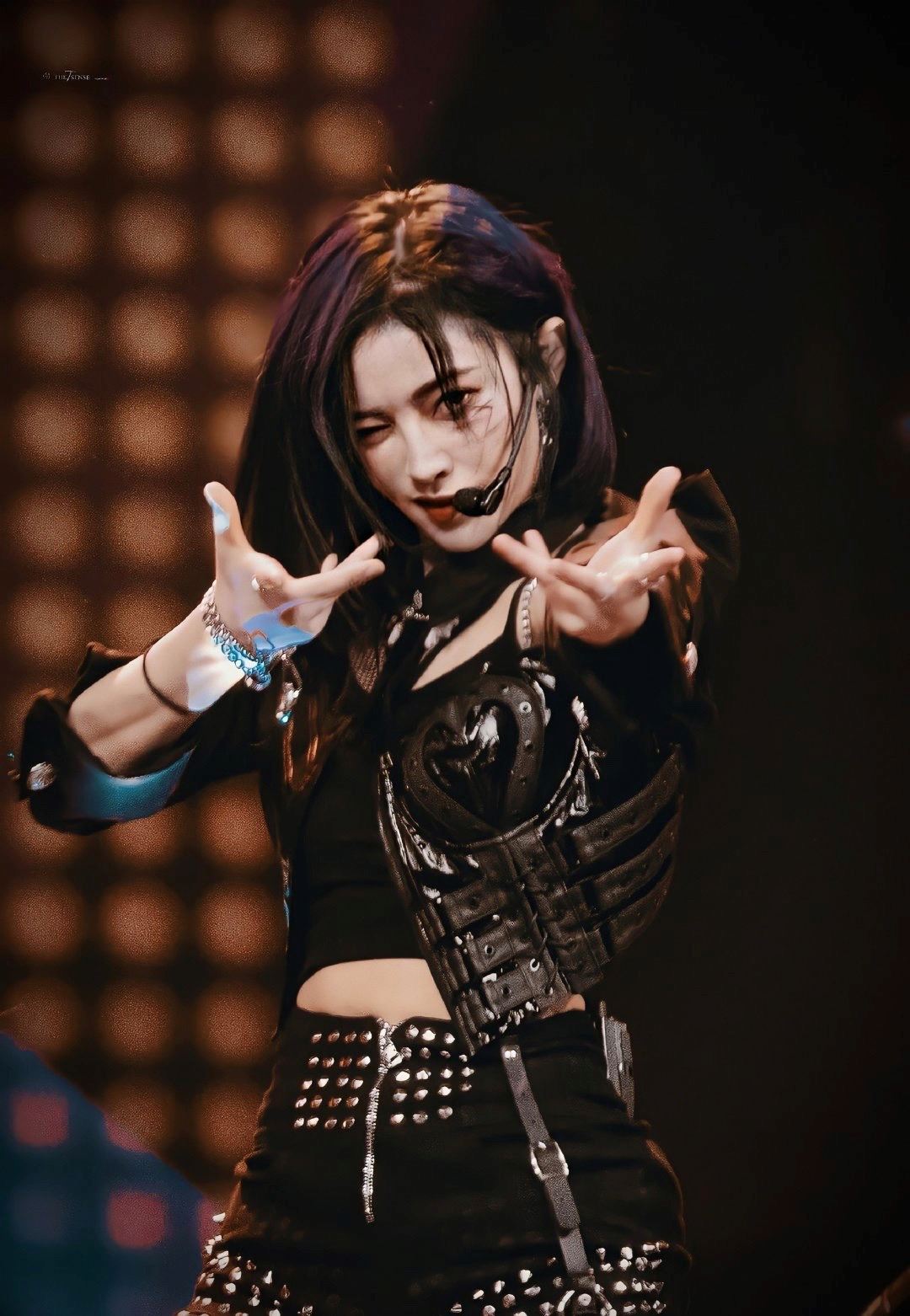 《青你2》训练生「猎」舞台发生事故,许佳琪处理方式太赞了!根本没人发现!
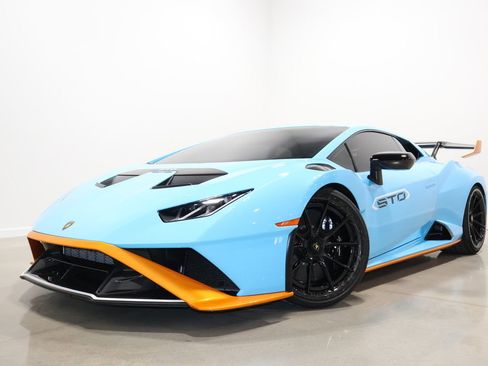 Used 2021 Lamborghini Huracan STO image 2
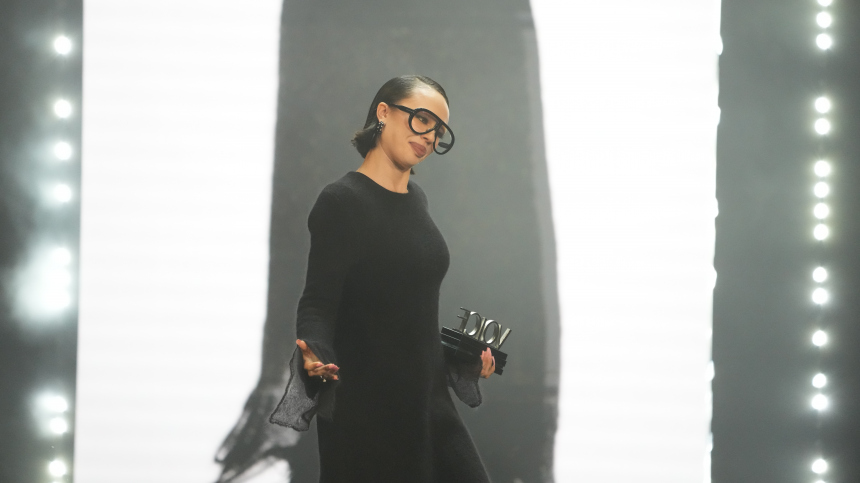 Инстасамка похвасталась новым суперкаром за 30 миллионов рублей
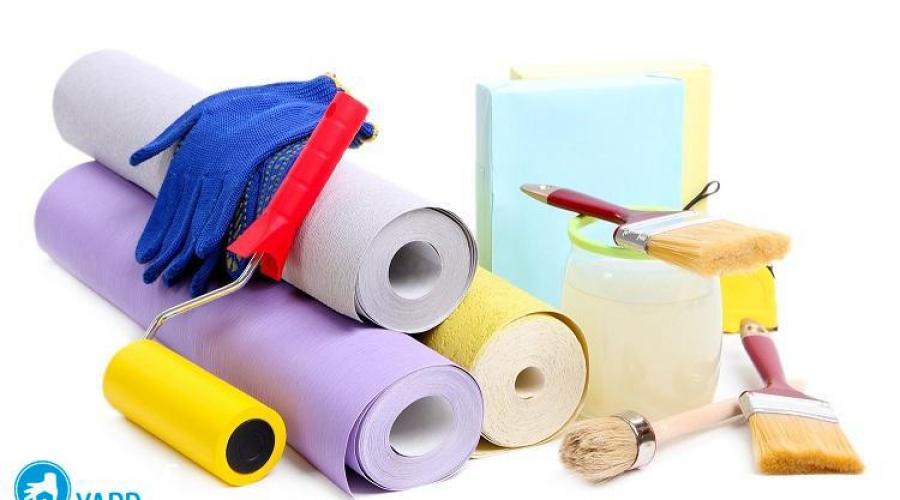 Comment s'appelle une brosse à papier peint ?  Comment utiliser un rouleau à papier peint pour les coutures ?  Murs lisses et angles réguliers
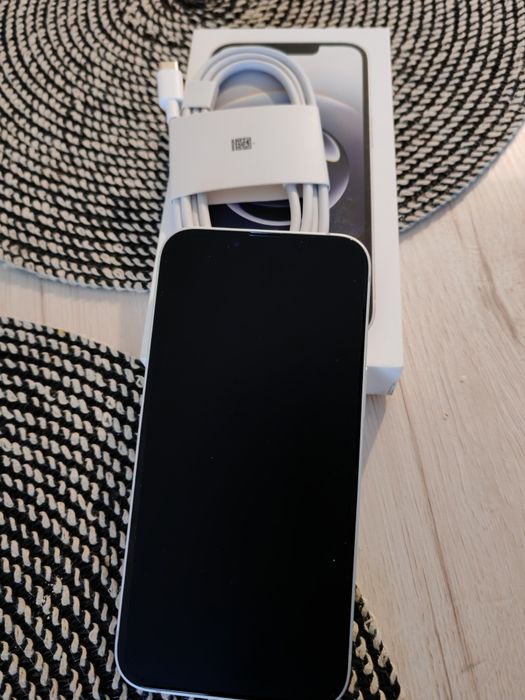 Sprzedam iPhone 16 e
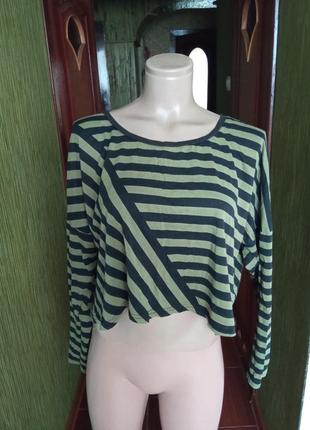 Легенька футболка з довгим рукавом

==

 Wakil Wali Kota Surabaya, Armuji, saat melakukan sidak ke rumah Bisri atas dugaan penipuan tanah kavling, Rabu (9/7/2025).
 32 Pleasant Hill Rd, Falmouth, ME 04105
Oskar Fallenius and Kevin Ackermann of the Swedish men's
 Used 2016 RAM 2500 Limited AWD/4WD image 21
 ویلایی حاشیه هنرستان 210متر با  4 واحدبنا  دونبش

▸ **PROBLEM DESCRIPTION**: In the listing above, find the line with "Sprzedam iPhone 16 e" and the line with "Легенька футболка з довгим рукавом". Output both, plus every line between them, and no pictures.

▸ **WRITTEN RESPONSE**:
 Sprzedam iPhone 16 e
 Легенька футболка з довгим рукавом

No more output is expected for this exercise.